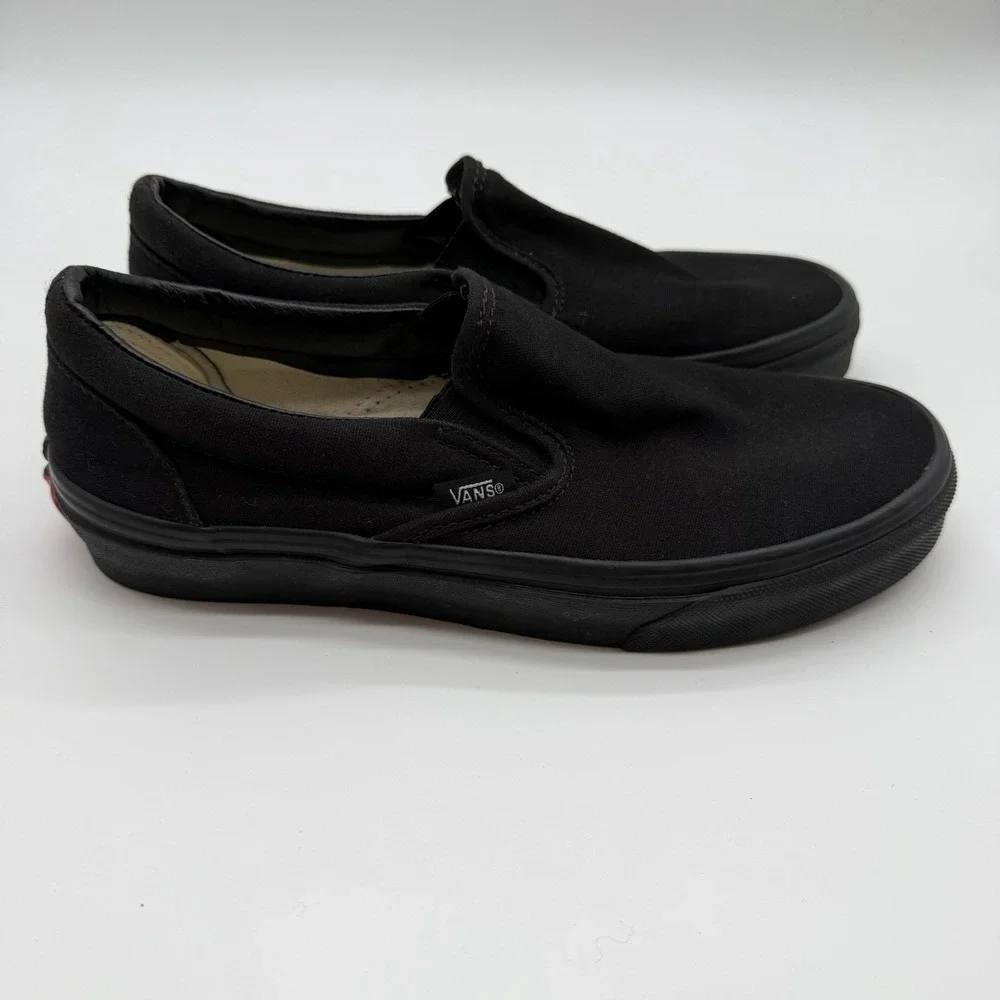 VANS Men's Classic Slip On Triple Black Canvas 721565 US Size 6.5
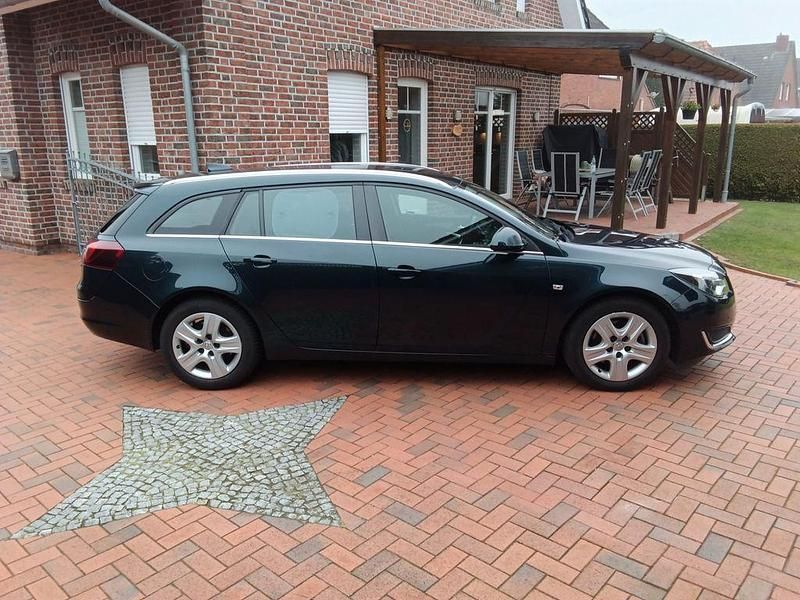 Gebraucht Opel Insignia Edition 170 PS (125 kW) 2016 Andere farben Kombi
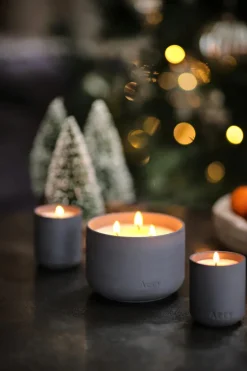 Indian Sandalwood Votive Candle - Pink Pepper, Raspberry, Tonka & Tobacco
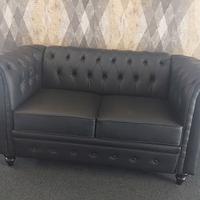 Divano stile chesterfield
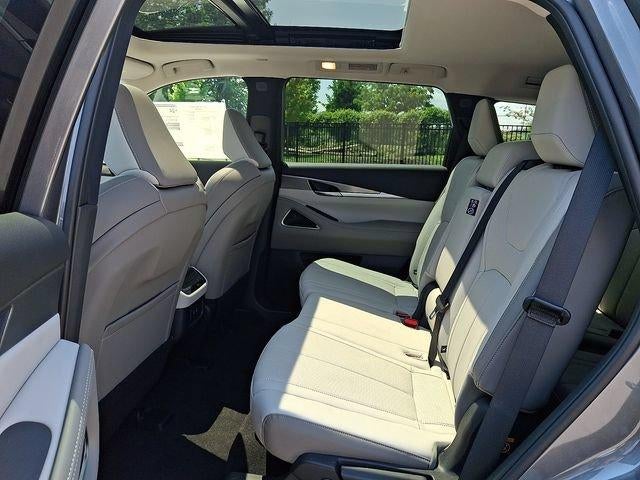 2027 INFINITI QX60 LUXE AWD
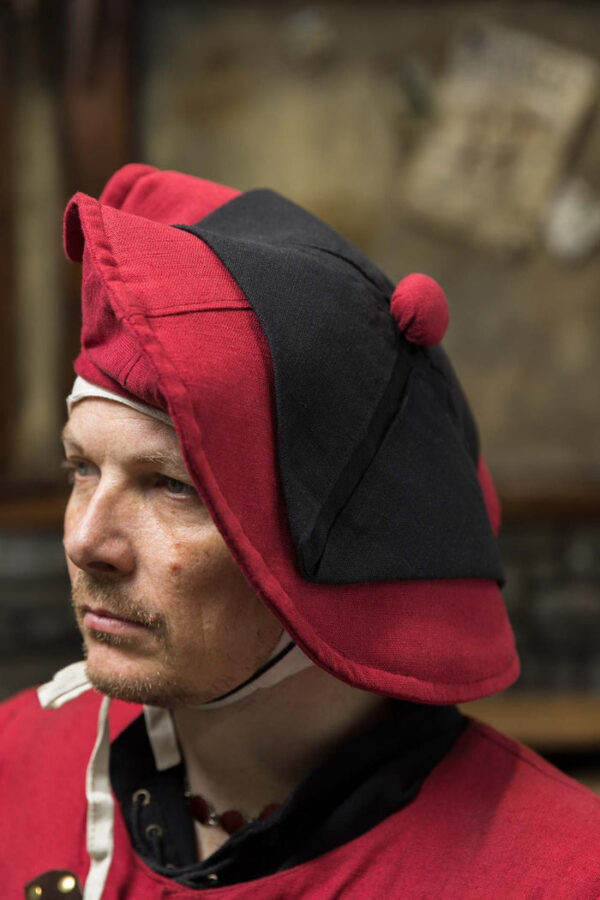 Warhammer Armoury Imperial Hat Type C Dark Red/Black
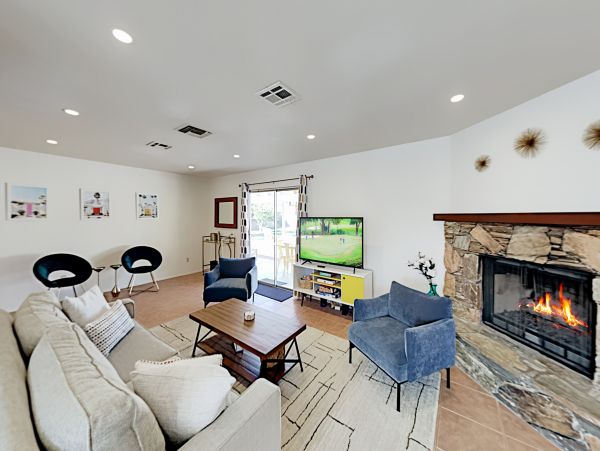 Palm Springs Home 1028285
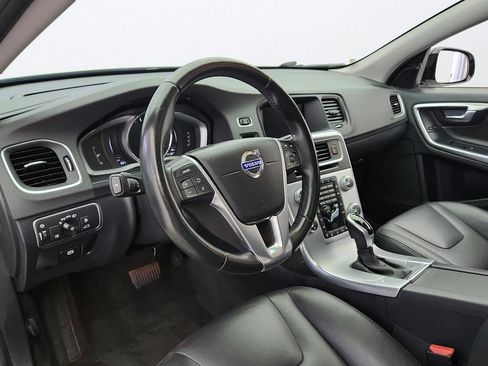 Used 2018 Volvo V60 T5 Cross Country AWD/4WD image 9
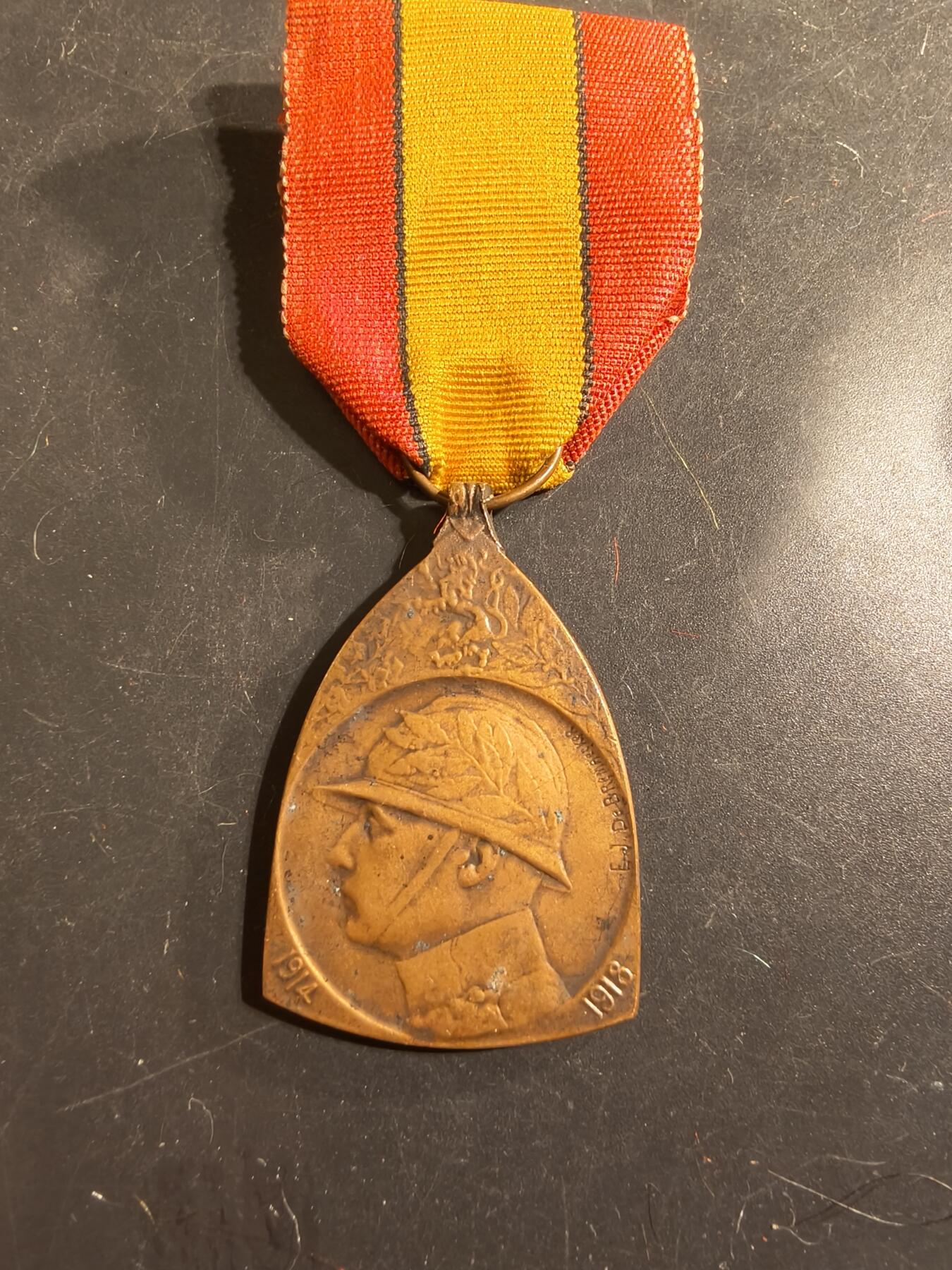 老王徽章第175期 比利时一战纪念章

※

→ **PROMPT**
A word-for-word copy is needed of the lines from the line holding "Palm Springs Home 1028285" through the end of the records, both included, excluding every picture.

→ **ANSWER SECTION**
 Palm Springs Home 1028285
 Used 2018 Volvo V60 T5 Cross Country AWD/4WD image 9
 老王徽章第175期 比利时一战纪念章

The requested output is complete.